Pouvoir d’attraction
Dans le catalogue de l’exposition originelle, André Heller déplore le fait qu’« un parc d’attractions soit considéré à tort comme quelque chose de moins sérieux qu’une exposition au Centre Pompidou ». Son ambition était de créer un espace où l’art contemporain, en rencontrant l’atmosphère des fêtes foraines, deviendrait moins élitiste. Son nom fait référence aux populaires Luna Parks, nés aux Etats-Unis au début du XIXe siècle. Luna Luna se présentait également comme un espace de liberté novateur. Une chapelle signée André Heller permettait à chacun d’épouser qui il souhaitait, à une époque où le mariage homosexuel était interdit. Le parc ouvre ses portes à l’été 1987 à Hambourg, en Allemagne, sur une ancienne zone de déportation choisie par son instigateur, fils de rescapé de la Shoah. Il attire 30 000 visiteurs.
Isolement texan
Après seulement deux mois d’exploitation et malgré son succès, le parc se heurte au conservatisme des pouvoirs publics, également refroidis par le coût du projet.
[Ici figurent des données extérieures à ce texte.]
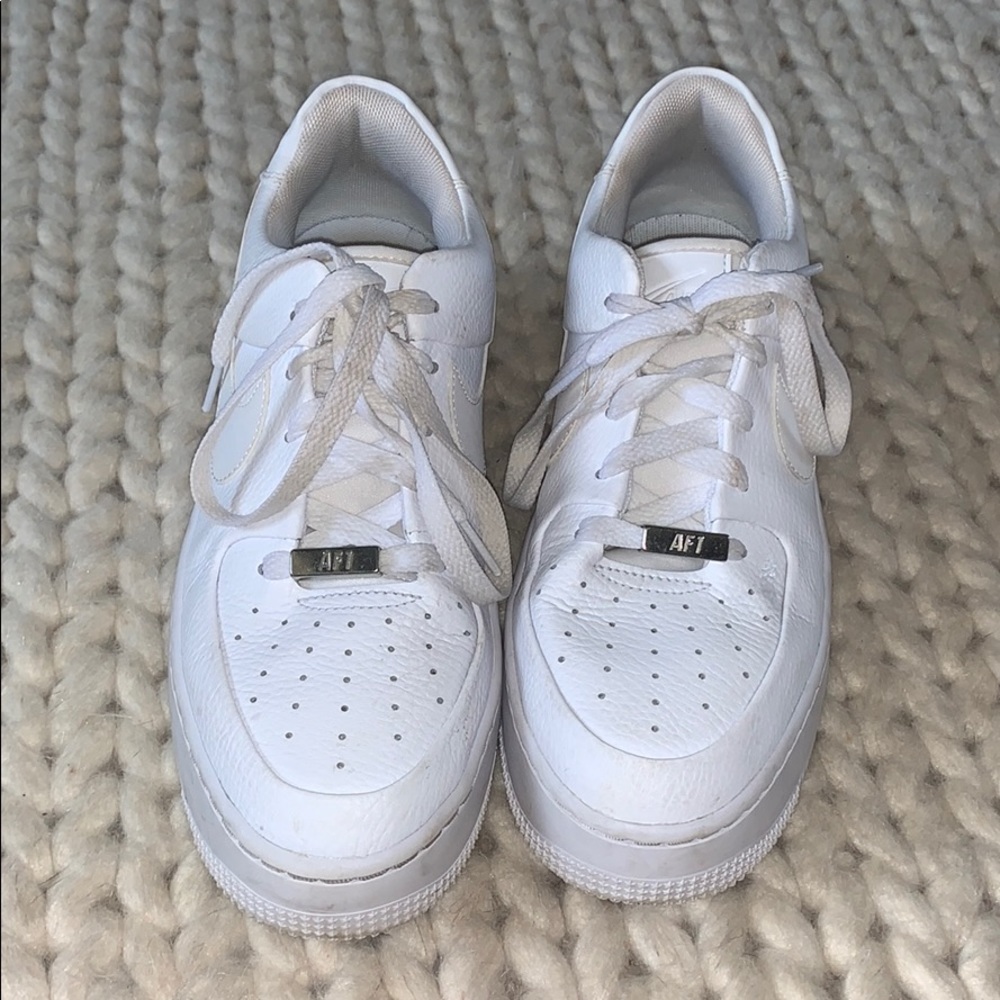 Nike Air Force 1 sage low
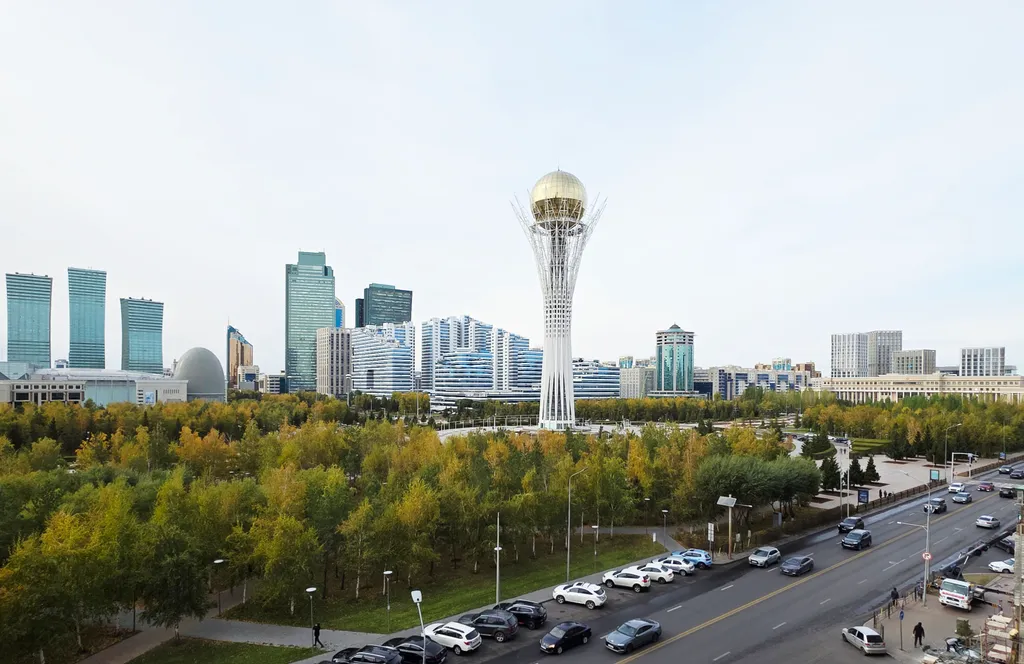 3х комнатная квартира, шикарный вид на байтерек, центр, 3 кровати, диван, 2 санузла — аренда посуточно в Астана (Нур-Султан)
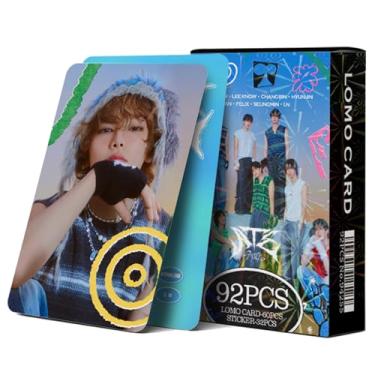 Imagem de KPOPBP 92 peças de cartões fotográficos Stray Kids Ate, conjunto de cartões Lomo de 60 peças e pacote de adesivos pequenos de 32 peças, mercadoria de presente Kpop SKZ para meninos e meninas,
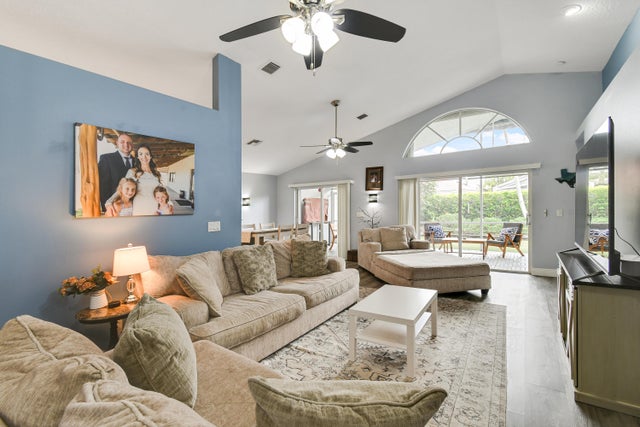5 of 38 - 1644 Oak Berry Cir, Wellington, FL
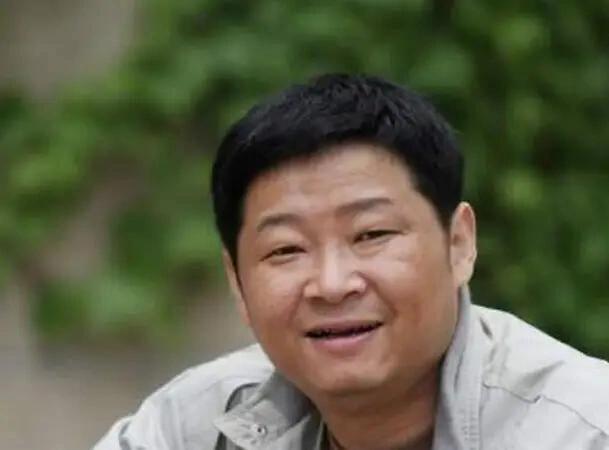 “三德子”养鸡身价上亿，却在乡下庭院喝茶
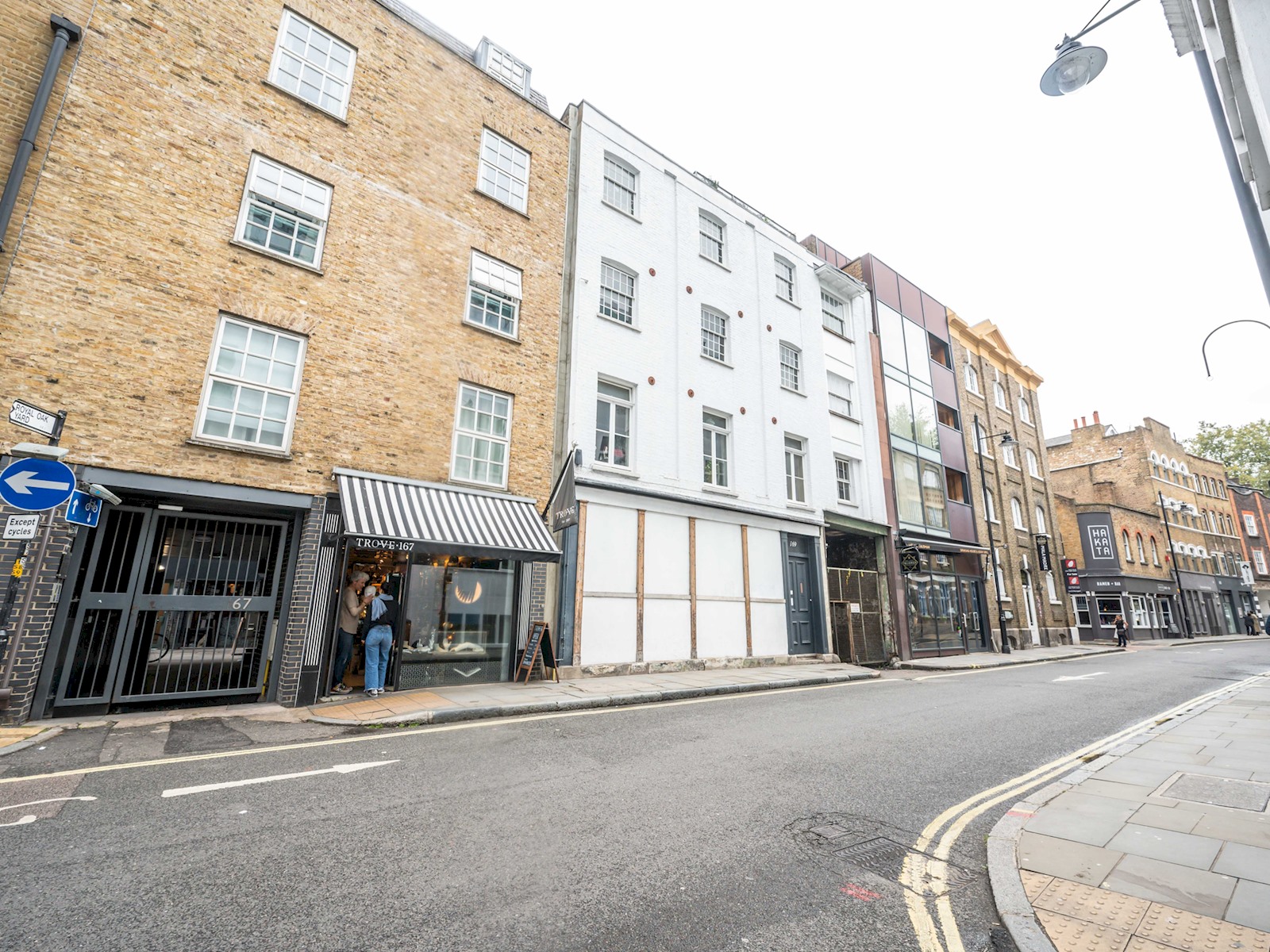 View Comfortable flat in Central London - Pass the Keys in Flat 11, 167 Bermondsey Street, London SE1 3UF SE1 3UF Comfortable flat in Central London - Pass the Keys in Flat 11, 167 Bermondsey Street, London SE1 3UF SE1 3UF - Property image 65 - VivreStays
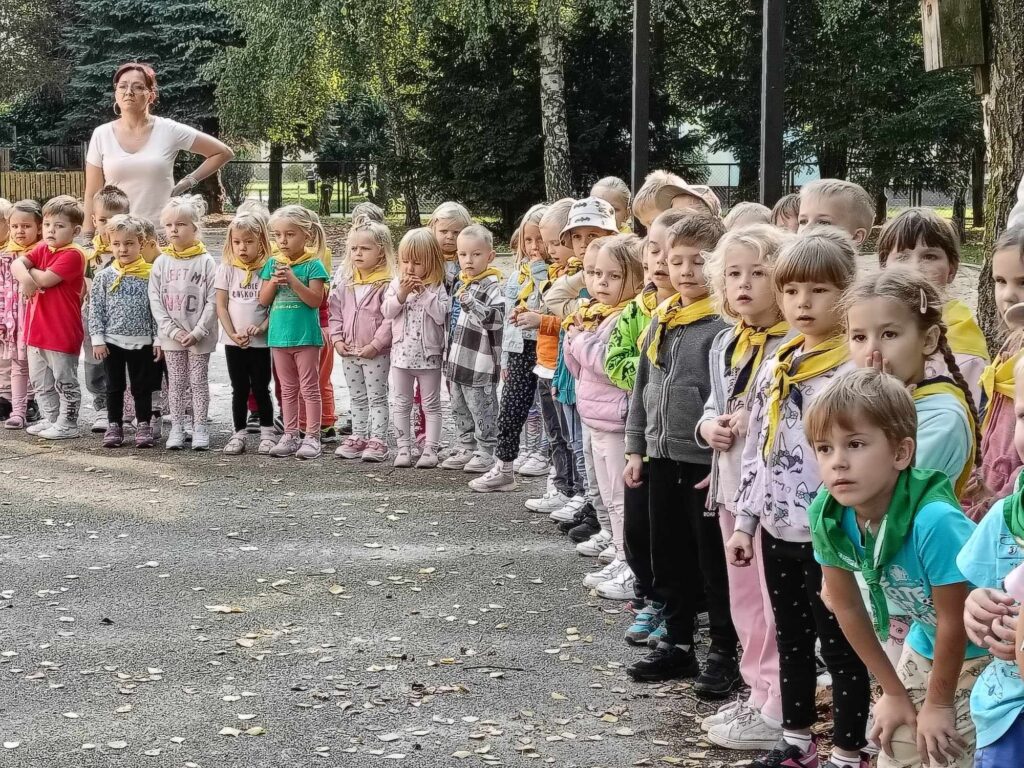 „Bezpieczeństwo w ruchu drogowym” – wizyta Funkcjonariuszy Policji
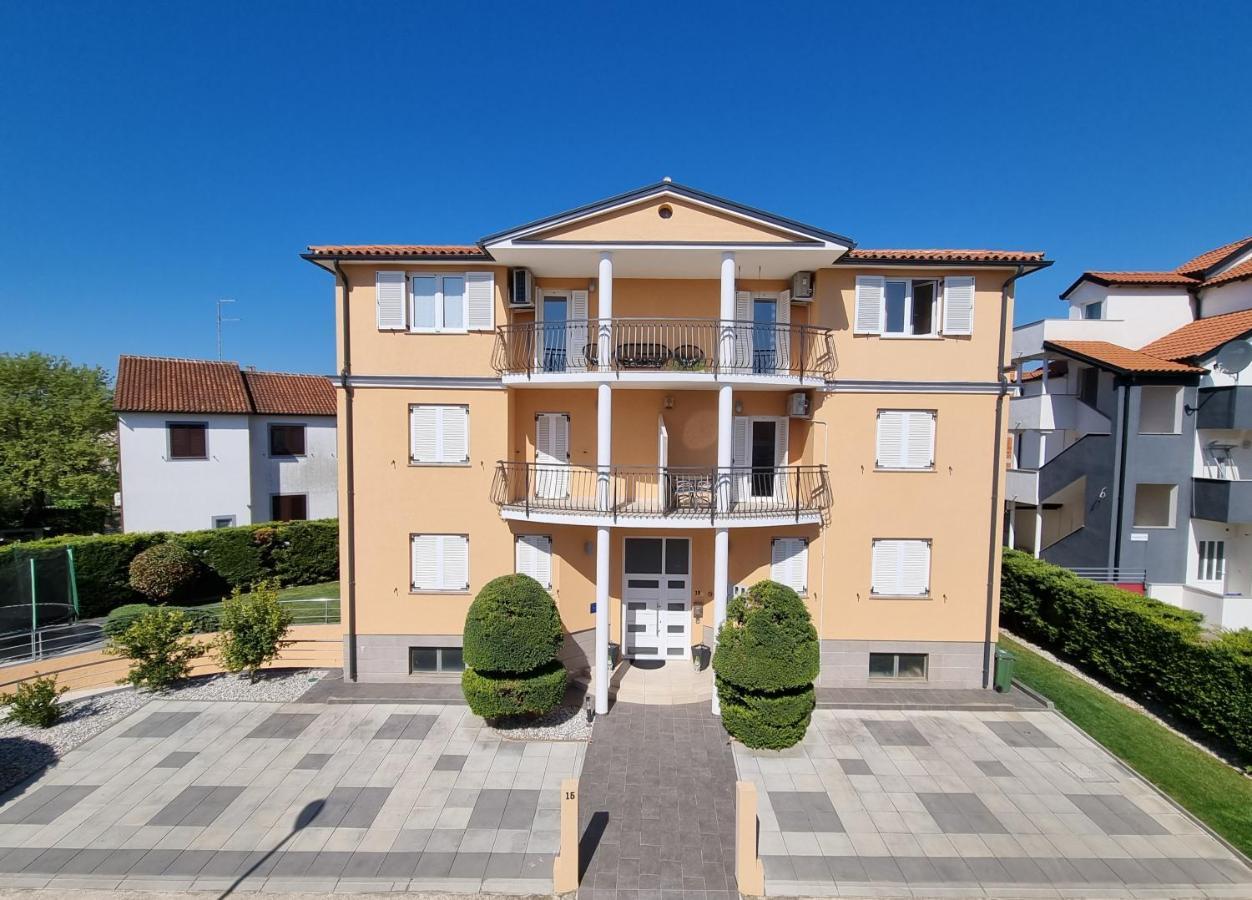 Apartments Medulin - Orijeta Exterior photo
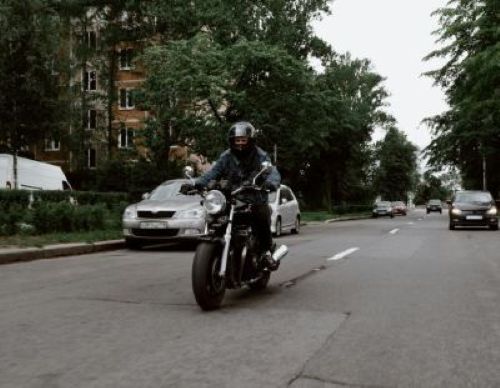 asegurado manejando moto en calle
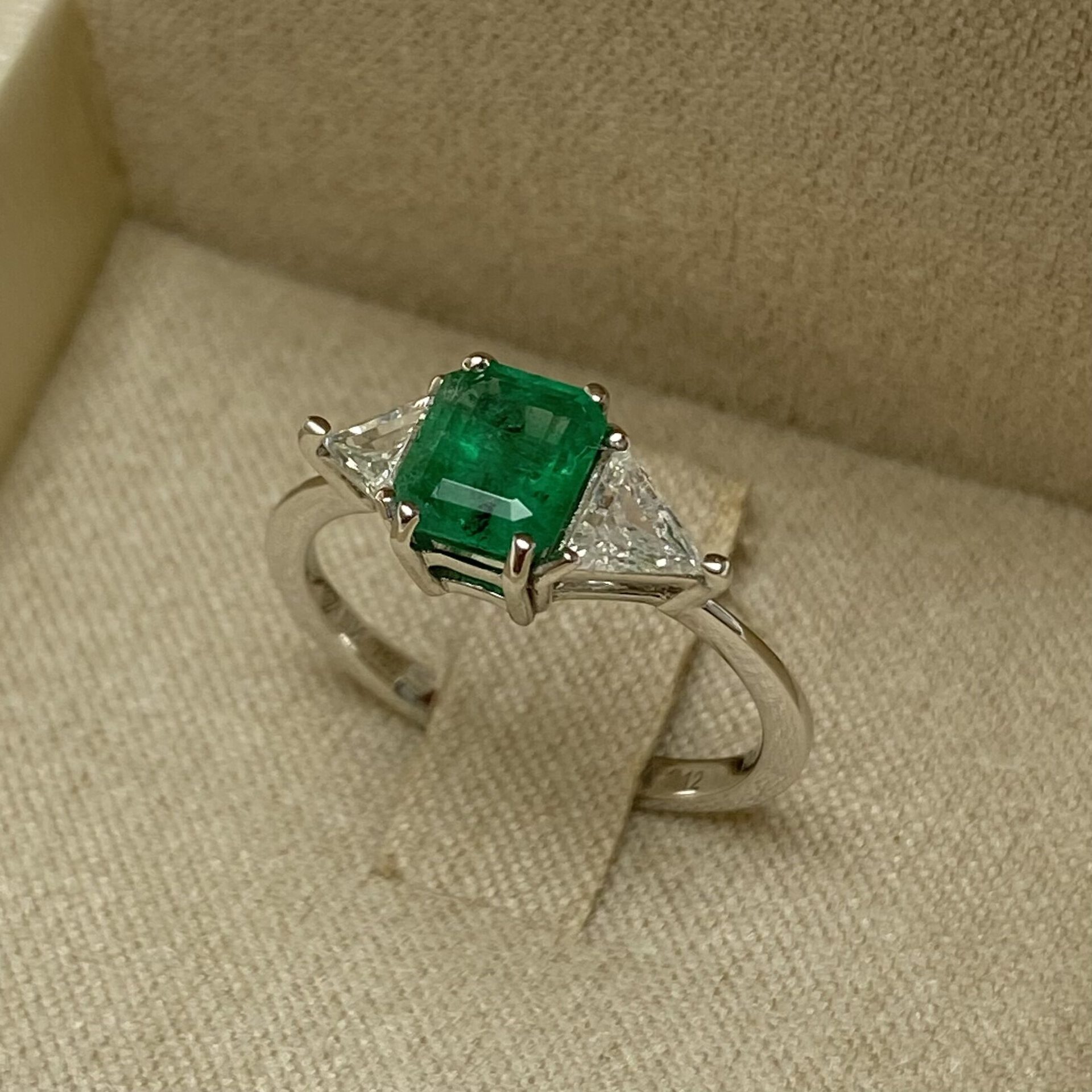 Anel Trio Esmeralda e Diamantes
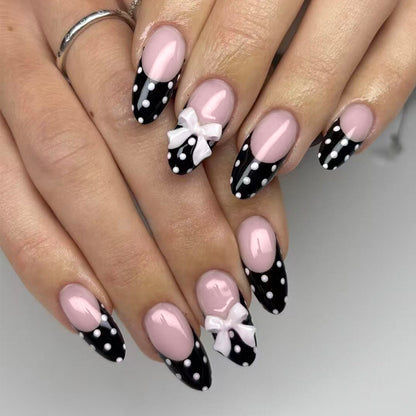 Kunstnagelset mit glamourösen Schwarz-Weiß-Punktakzenten Brehn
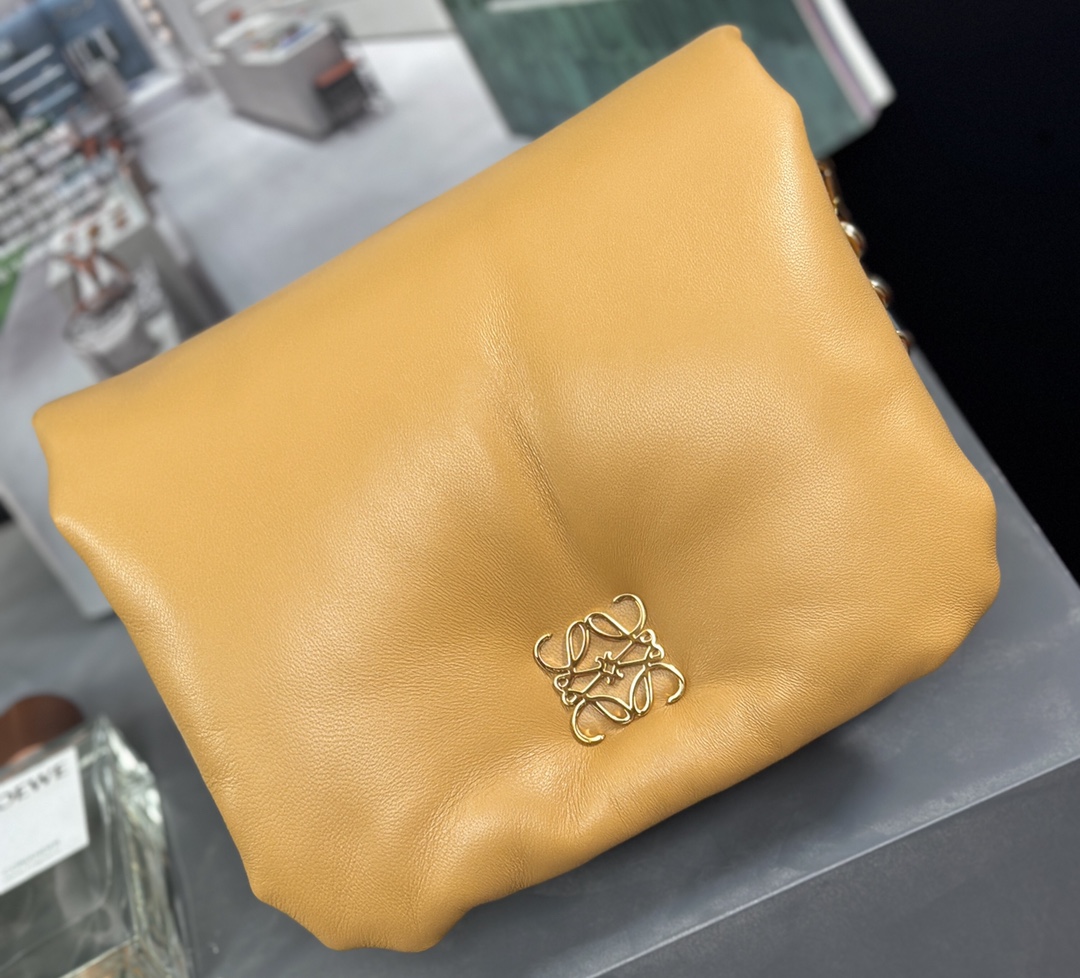 Handbags LOEWE Puffer Goya size:23-13-6 cm - vstockx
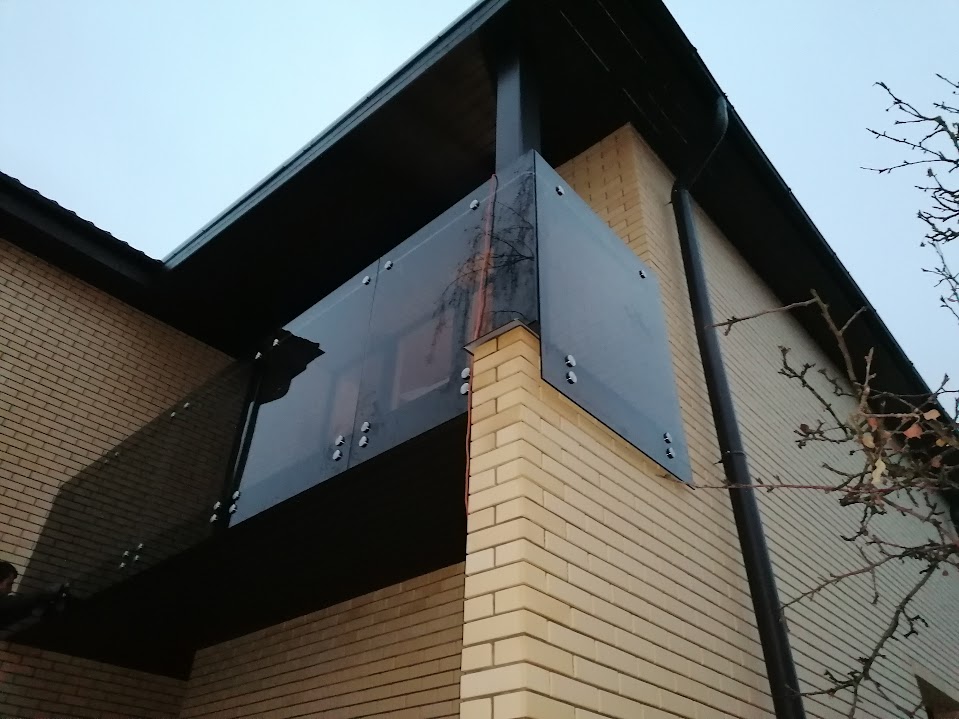 Stikla balkona margas 5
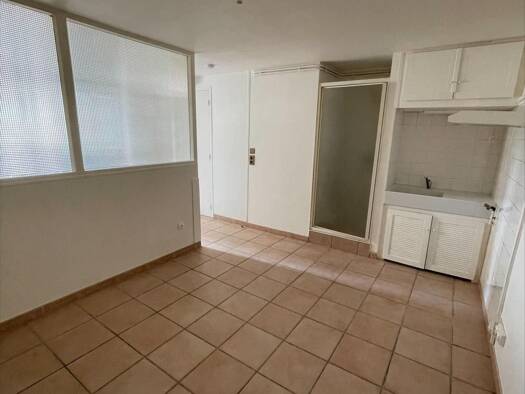 Appartement à louer 295 € 1 pièce 20 m² RDC Graulhet 81300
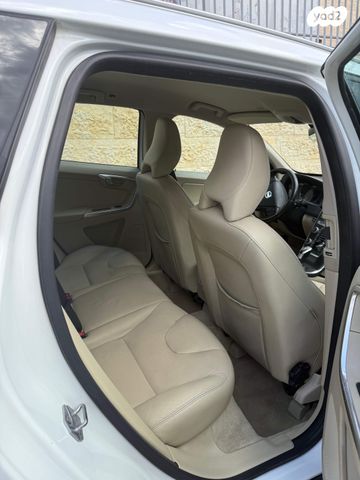 מודעת רכב וולוו XC60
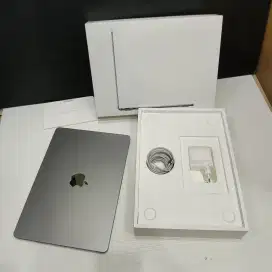 MacBook Air M2 13 inch 8/256GB Like New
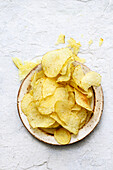 Potato crisps from the hot air fryer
La ville de Vienne, qui devait l’acquérir, y renonce pour des raisons politiques. La tournée européenne initialement prévue est également annulée. En 1990, André Heller, pris à la gorge financièrement, se résout à vendre les attractions pour 6 millions de dollars à la Fondation Stephen et Mary Birch, qui souhaite l’exposer à San Diego, en Californie. Mais un différend éclate sur les droits des œuvres et le prix d’entrée du parc. Après des années de procédures juridiques, la fondation est contrainte de finaliser l’achat, mais Luna Luna, projet désormais empoisonné, finit stocké dans un entrepôt texan, envahi de tatous et de serpents à sonnette.